After a few warm up state highpoints and some rock climbing at Devils Tower, I decided to hit a warmup peak in the Bighorns. I was looking for a shorter approach as the spring snows had been heavy, so we decided on Hesse Mountain. At only 8 miles round trip, we figured it would be the perfect length for a day trip, and a good way to get to 10,500 and see some nice scenery.
After driving west on I-90 and taking route 16 west over the Bighorns from Buffalo, we parked at the top of FR29 which is just east of Powder River pass. In summer conditions this road would be open for a couple miles and would shorten your approach accordingly. Please be aware that there is NO ESTABLISHED TRAIL for this climb. The FR, along with a few snowmobile trails, is the only marked travelway.....knowledge of compass and map use comes in very handy as you can see ZERO landmarks when in the thick timber approach to the ridge and likewise on your descent back to your car. We analyzed the valley and the approach from the truck and decided that the thick timber we'd be pushing through would make snowshoes more of a hindrance than a help. We also misjudged how much melt had happened inside the treeline......it's 1.5miles across that valley so it's kinda hard to see. :) So we got going. We crossed a large field/drainage from the mountain snowmelt, and hit the treeline. Immediately we realized we were in for a bit of a workout. We had light packs, 10lbs or so, but the snowpack was easily 3-5ft.....even 6ft in spots. On went the gaiters and the uphill postholing for 2 miles in waist deep snow through thick timber and pine falls began! After some grueling work we finally hit the treeline and decided to eschew the standard walkup, and instead traverse the broken sections of granite fins that make up the SW ridge.

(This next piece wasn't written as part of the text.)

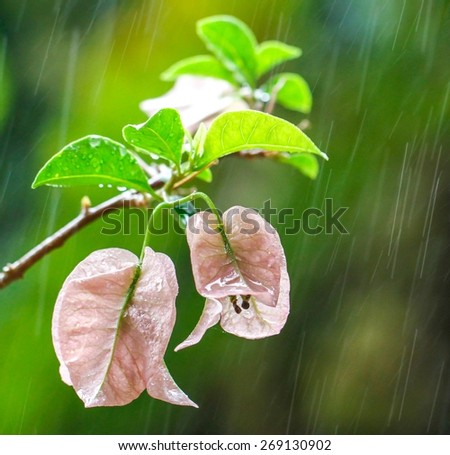 Bougainvillea flower in the rain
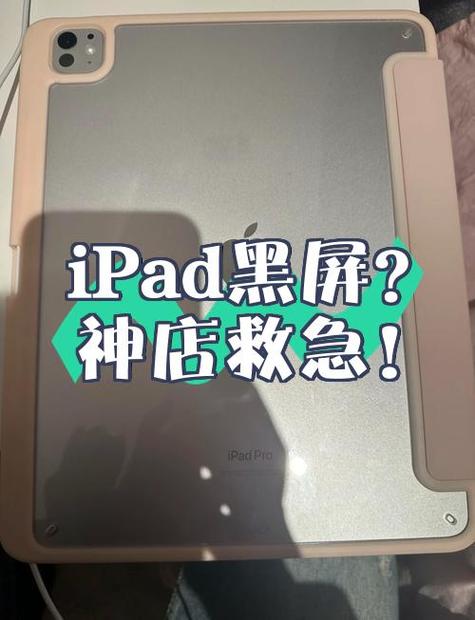 ipad突然黑屏图标一直闪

This choice proved to be fantastic 3rd/4th, and even a few 5th class moves on fairly solid granite. We came across some snow crossings and some steeper snow ramps, and were carefull of hidden moats from some heavy drifting the week before. Being on the leeward side, a lot of snow loading had filled some fairly large gaps in between rocks, so lots of ice axe probing was going on on these crossings. I punched through to my stomach in a 6 footer. The last snowfield was benign, but very soft and I broke trail through knee deep snow until the last rock scramble appeared. Pictured below was Matt following through the last snowfield. My camera battery died on the summit....so no summit pics! Anyway, the descent was interesting as we decided to go down a different ridge which put us back where we THOUGHT the FR should have been....only 2 miles further down from where we ascended. We pushed through heavy snow until we hit what we thought was the end of the poorly maintained road, which had snowmobile tracks all over it. So we followed this north west back to where the road should have been. Keep in mind that the snow here was HIDEOUS. Nice hard crust on the top 6 inches would give away to 3 ft of crystal depth hoar. It SUCKED. We punched through this for 1.5-2 miles until I hit a set of tracks....OUR TRACKS. This was a first for me in 26 years of mountain travel. We'd concentrated so hard on the work it took to walk through this crap, we failed to realize that we were NOT on the FR....it was a snowmobile trail that took us back to the base of our route! So we went back up above treeline, found our target ridge and got our compass bearings.....a set off yet again! This time we realized what we had done and had a good laugh about it. In all, it was a blast!